Hiss was shaken to his toes by this blast. Up to this time he had, not without considerable support from the press and from President Truman himself, tried to imply that the entire hearing was a “Republican plot” to smear the New Deal. Now for the first time, a Democrat had begun to question his story. Hiss reacted by counterattacking Hébert as hard as he could.

“It is difficult for me to control myself,” he exclaimed. “That you can sit there, Mr. Hébert, and say to me casually that you have heard that man and you have heard me and you just have no basis for judging which one is telling the truth. I don't think a judge determines the credibility of witnesses on that basis.”

But Hébert, not to be cowed, fired back: “I absolutely have an open mind and am trying to give you as fair a hearing as I could possibly give Chambers or yourself. The fact that Mr. Chambers is a self-confessed traitor . . . and a self-confessed former member of the Communist Party—has no bearing at all on the alleged facts that he has told . . .”

“Has no bearing on his credibility?” interrupted Hiss.

“No, because, Mr. Hiss, I recognize the fact that maybe my background is a little different from yours,” replied Hébert, who had been a New Orleans newspaper editor for many years. “But I do know police
methods, and you show me a good police force and I will show you the stool pigeon who turned them in. We have to have people like Chambers to come in and tell us. I am not giving Mr. Chambers any great credit for his previous life. I am trying to find out if he is reformed. Some of the greatest saints in history were pretty bad before they were saints. Are you going to take away their sainthood because of their previous lives? Are you not going to believe them after they have reformed? I don't care who gives the facts to me, whether a confessed liar, thief, or murderer—if it is facts. That is all I'm interested in.”

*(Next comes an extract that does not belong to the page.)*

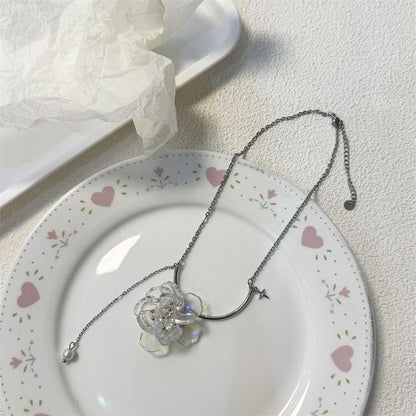 Floral Resin Pendant Alloy Choker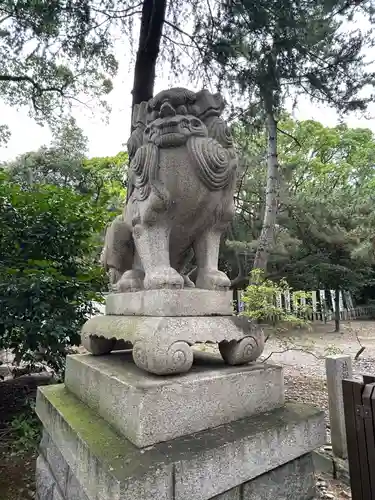 和歌山縣護國神社の狛犬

Hiss had a bear by the tail. He tried to change the subject. “I would like to raise a separate point,” he said. The real issue, he again insisted, was not whether Chambers knew him or he knew Chambers; it was whether he and Chambers had had the one particular conversation to which Chambers had testified.

I answered by saying, “If Chambers' credibility on the question of whether he knew you or not is destroyed, obviously you can see that this statement that he had a conversation with you and that you were a member of the Communist Party, which was made on the basis of this knowledge, would also be destroyed. And that is exactly the basis upon which this questioning is being conducted. If we prove that he is a perjurer on the basis of his testimony now, the necessity of going into the rest of the matter will be obviated.”

After a few more questions, I asked Chairman J. Parnell Thomas to declare a recess so that Hiss could phone his wife, Priscilla, and make arrangements for her to appear before the Committee.

Five minutes later, when Hiss returned to the Committee room, he was ready to talk. He said: “The name of the man I brought in—and he may have no relation to this whole nightmare—is a man named George Crosley. I met him when I was working for the Nye Committee. He was a writer. He hoped to sell articles to magazines about the munitions industry.”

This man Crosley, he went on, had sublet his apartment on Twenty-eighth Street and had moved in with his wife and “one little baby.” “My recollection is that he spent several nights in my house because his furniture van was delayed. The apartment wasn't very expensive and I think I let him have it at exact cost.”

“His wife and he and little baby did spend several nights in the house with you?”

“This man Crosley, yes,” Hiss replied.

“Can you describe his wife?” I asked.

“Yes, he answered. “She was a rather strikingly dark person. Very strikingly dark.”

I was the only one in the room to whom that answer was significant. I had seen Esther Chambers and I knew that she was indeed strikingly dark.

Hiss insisted, however, that he could not say that Crosley and Chambers were one and the same person. He described Crosley as a “dead-beat” who stayed in the apartment during the summer months of 1935 and never paid any rent.

“What kind of automobile did that fellow have?” Stripling asked.